• [Exercise prompt] From the records below, please print only the lines from the one containing "香港胖MM显瘦拼接打底衫时尚" through the one containing "5673 Flora Drive, Burlington, ON, L7L", both included. Skip the pictures.

• [Exercise data]
+ + +

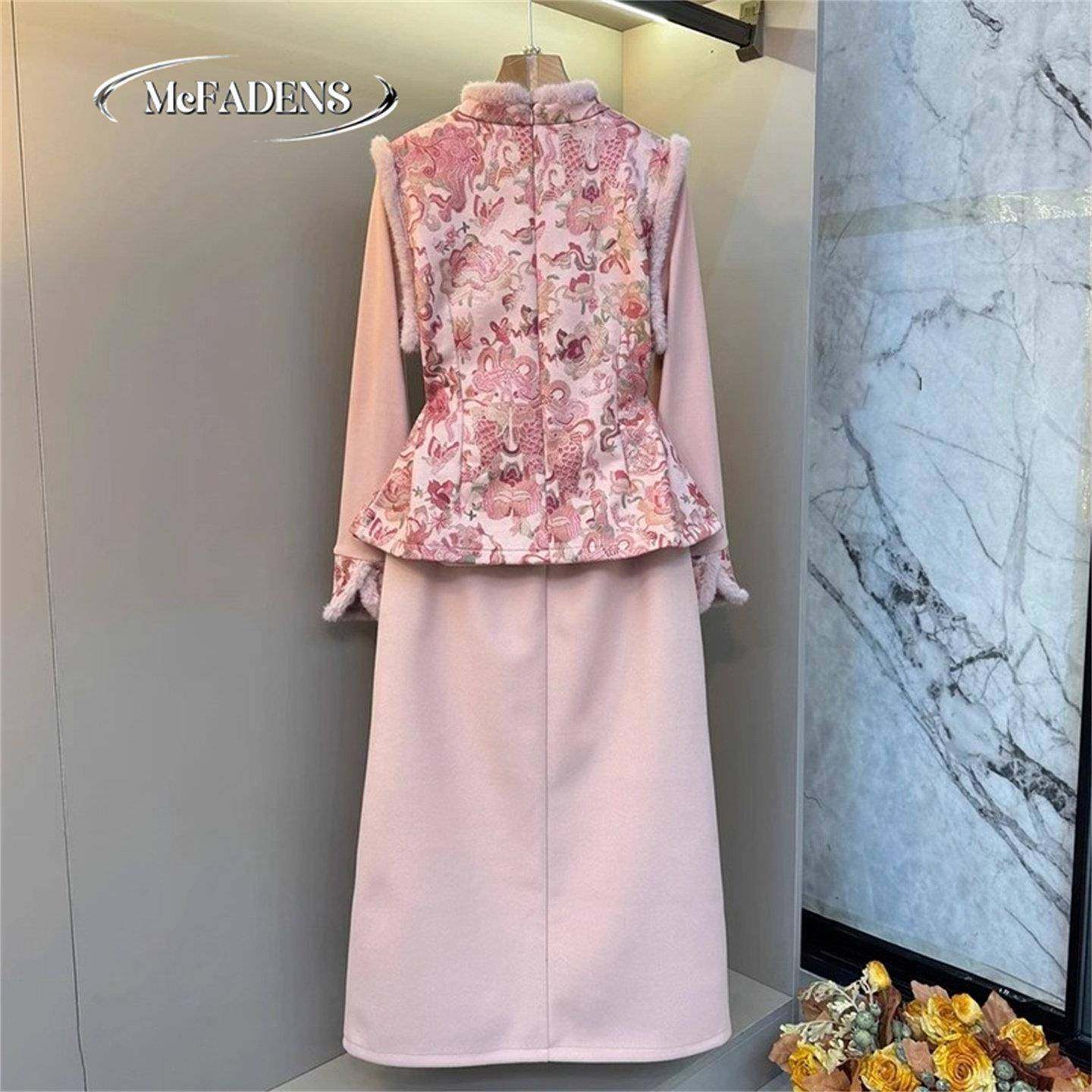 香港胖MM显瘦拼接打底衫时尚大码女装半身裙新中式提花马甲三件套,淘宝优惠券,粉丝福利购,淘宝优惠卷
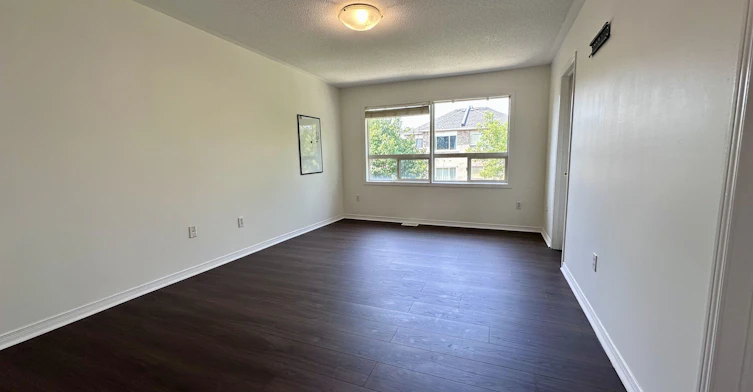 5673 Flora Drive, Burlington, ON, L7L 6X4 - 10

+ + +

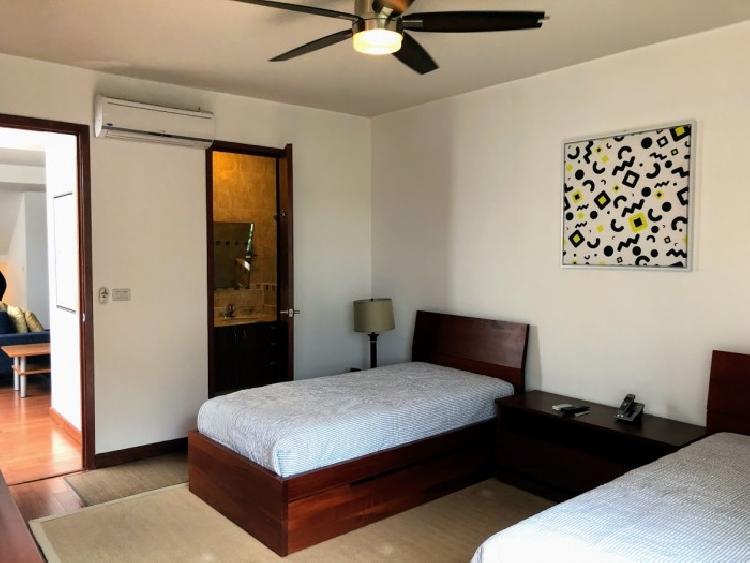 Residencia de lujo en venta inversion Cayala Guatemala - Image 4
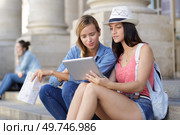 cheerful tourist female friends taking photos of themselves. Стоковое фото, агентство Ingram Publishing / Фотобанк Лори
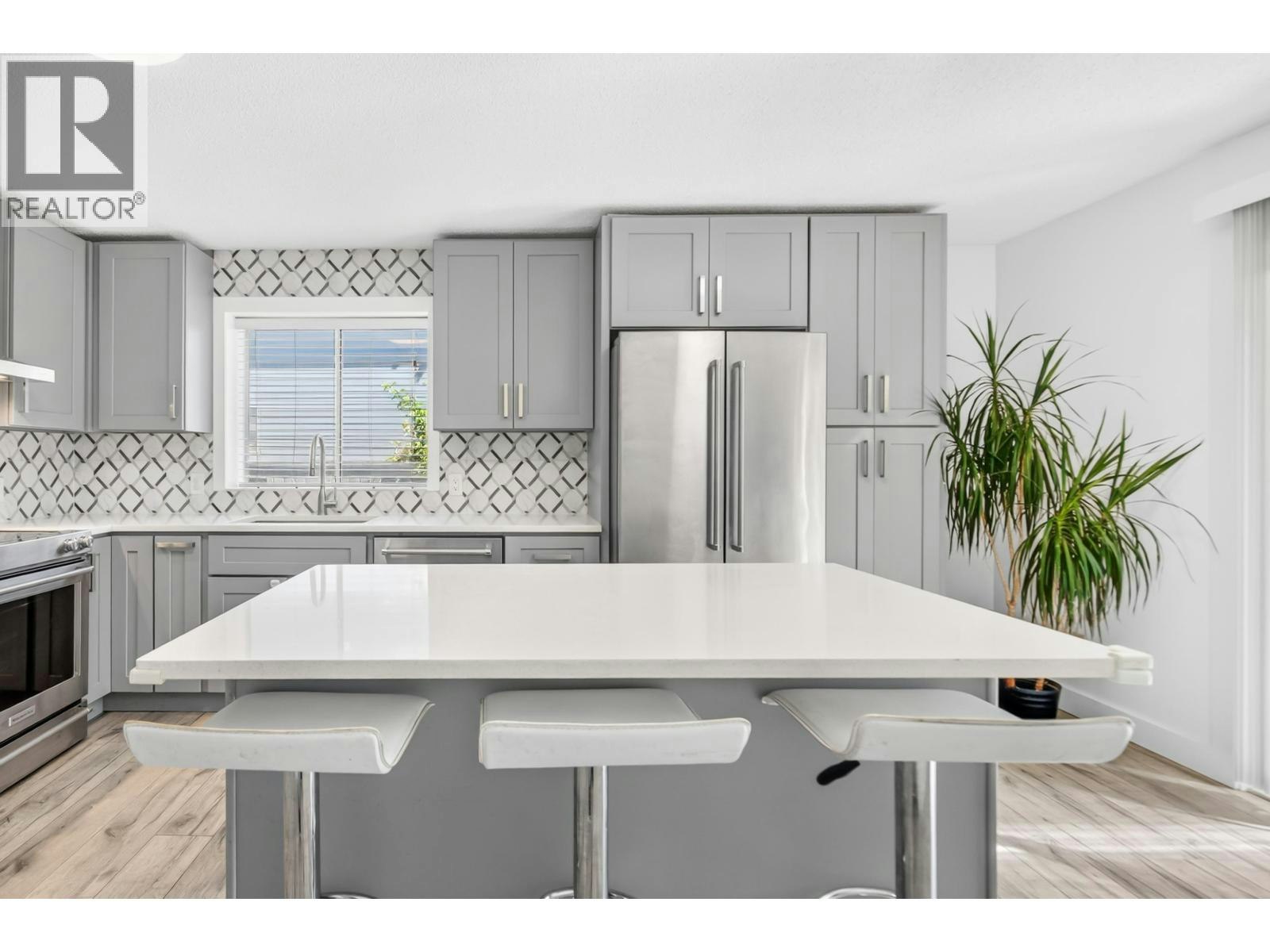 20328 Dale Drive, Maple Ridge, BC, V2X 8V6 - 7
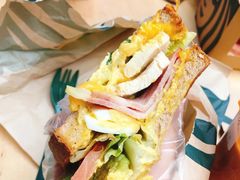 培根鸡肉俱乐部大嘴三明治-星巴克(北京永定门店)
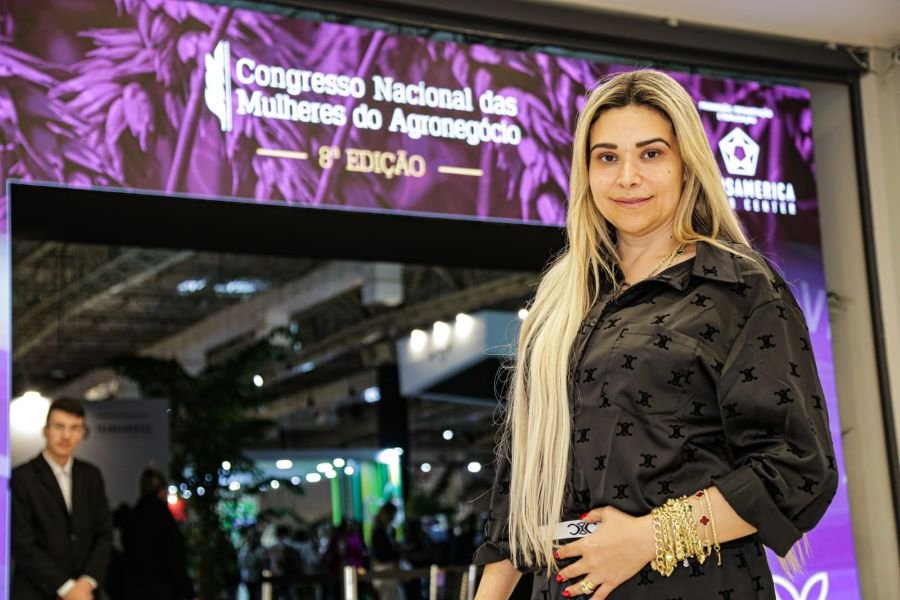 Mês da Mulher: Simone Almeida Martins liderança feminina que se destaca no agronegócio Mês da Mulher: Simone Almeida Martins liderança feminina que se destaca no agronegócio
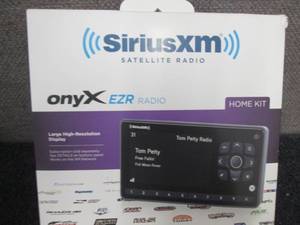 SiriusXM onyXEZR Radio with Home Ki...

+ + +

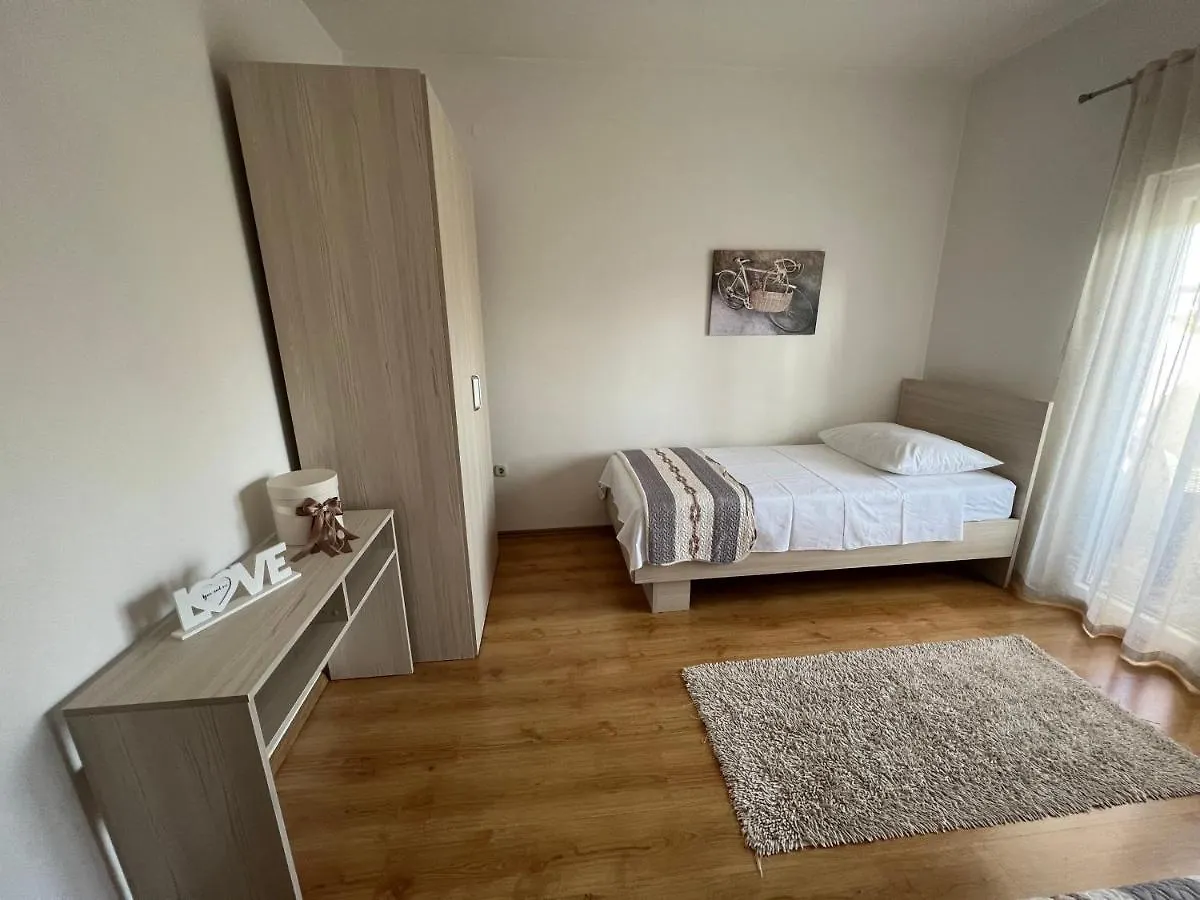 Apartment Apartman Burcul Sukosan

+ + +

• [Result of this task]
 香港胖MM显瘦拼接打底衫时尚大码女装半身裙新中式提花马甲三件套,淘宝优惠券,粉丝福利购,淘宝优惠卷
 5673 Flora Drive, Burlington, ON, L7L 6X4 - 10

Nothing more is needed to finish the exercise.